The Consortium is devoting its initial efforts to key nodes on the Metro-North and Long Island Rail Road lines, and that makes perfect sense, because these locations have the potential to foster vibrant, livable, transit-oriented neighborhoods with diverse housing and employment opportunities. This strategy may sound familiar, because it is the approach New Rochelle has embraced for more than a decade, with some notable successes, but also plenty of still-to-be-met challenges.
New Rochelle will use its share of this funding to study means of improving connectivity to our own transit center, including improved pedestrian access and better links to local businesses. The proposals that emerge from this study will then be embedded in our updated Comprehensive Plan.
The bottom line is this: New Rochelle will grow, the only question is how. To the extent that our residents are less reliant on the automobile, more energy efficient, and able to move from home to work and back again with convenience and speed, we will all benefit. An integrated, forward-looking approach to transportation, development, and housing challenges will help ensure that growth contributes to, and doesn’t detract from, our quality of life.
If this subject interests you, I encourage you to read more in the various attachments linked to this post. And, of course, I welcome your comments.
The New Rochelle train station is a vital component of our city’s downtown and a daily stop for thousands of local commuters. It is among the busiest stations on the New Haven line, and is listed on the National Register of Historic Places. But its restrooms could use some help.
Now help is on the way, thanks to assistance from Metro-North Railroad. The restrooms have been plagued by vandalism, and, with the cost of maintenance spiraling out of control, the City was forced to close them last month. But a new agreement with Metro-North will include the restrooms under the supervision of MTA Police, for added security, and Metro-North has agreed to contribute to the replacement of fixtures.
To begin with, a single unisex restroom will reopen during the station’s busiest hours, 5:00 am to 1:00 pm, seven days a week. Necessary repairs of the second restroom will begin immediately.
As reported last month, New Rochelle has joined and taken a lead role in a bi-state regional planning and sustainability coalition that stretches from New Haven to New York City and Long Island. This effort has already borne fruit in the form of a $3.5 million grant award from the federal Department of Housing & Urban Development that will help the member communities analyze various individual challenges related to regional development.
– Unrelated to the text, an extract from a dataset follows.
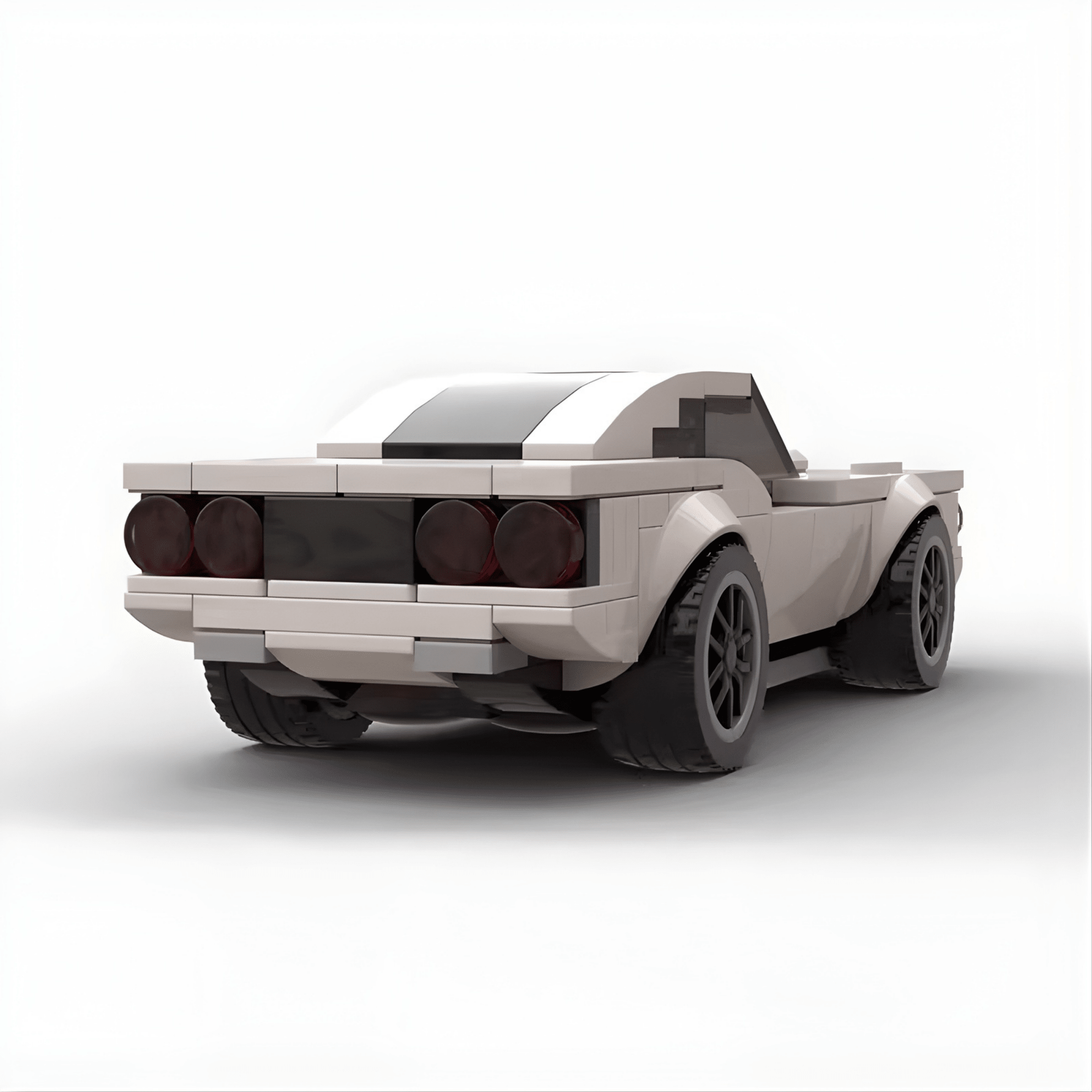 American Plymouth Barracuda Mini Build Model | 203 pcs Muscle Car Legend – BlockPoint® - BLOCKPOINT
New Rochelle’s (relatively small) share of the funding will be employed to examine access to our transit center, with the goal of enhancing connectivity to the surrounding area, especially for pedestrians. Our train and bus station is a significant local asset, but its full potential is unrealized. Establishing more reliable and safer access to the transit center will buttress our overall economic development efforts and improve the functionality of a heavily-used public facility.